● **Work to be completed**: Using the records below, copy exactly the part that opens with the line holding "Woman washing dishes" and closes with the line holding "May include: A", minus the pictures.

● **Task inputs**:
---*---

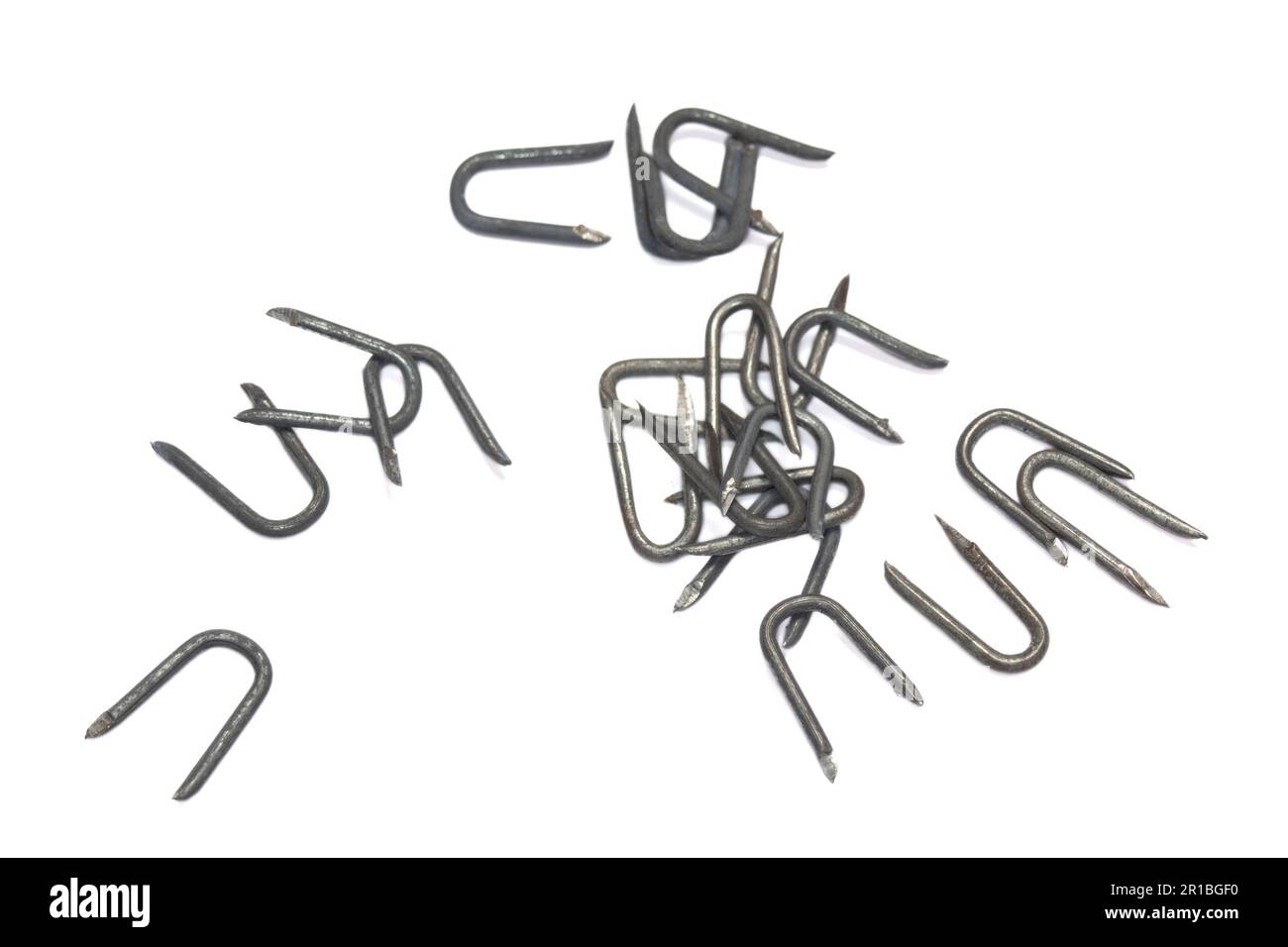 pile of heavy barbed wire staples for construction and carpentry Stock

---*---

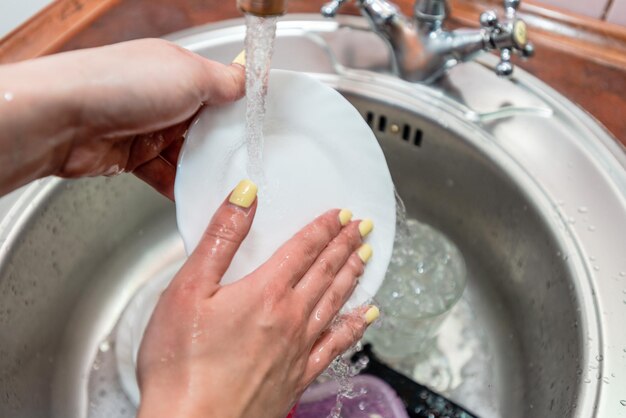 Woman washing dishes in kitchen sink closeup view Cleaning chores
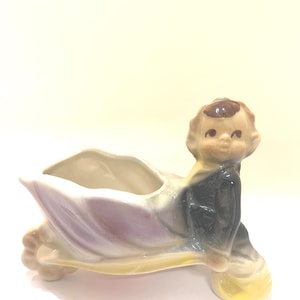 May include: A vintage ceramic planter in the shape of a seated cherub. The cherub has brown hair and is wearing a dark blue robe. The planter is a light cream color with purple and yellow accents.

---*---

● **Exercise solution**:
 Woman washing dishes in kitchen sink closeup view Cleaning chores
 May include: A vintage ceramic planter in the shape of a seated cherub. The cherub has brown hair and is wearing a dark blue robe. The planter is a light cream color with purple and yellow accents.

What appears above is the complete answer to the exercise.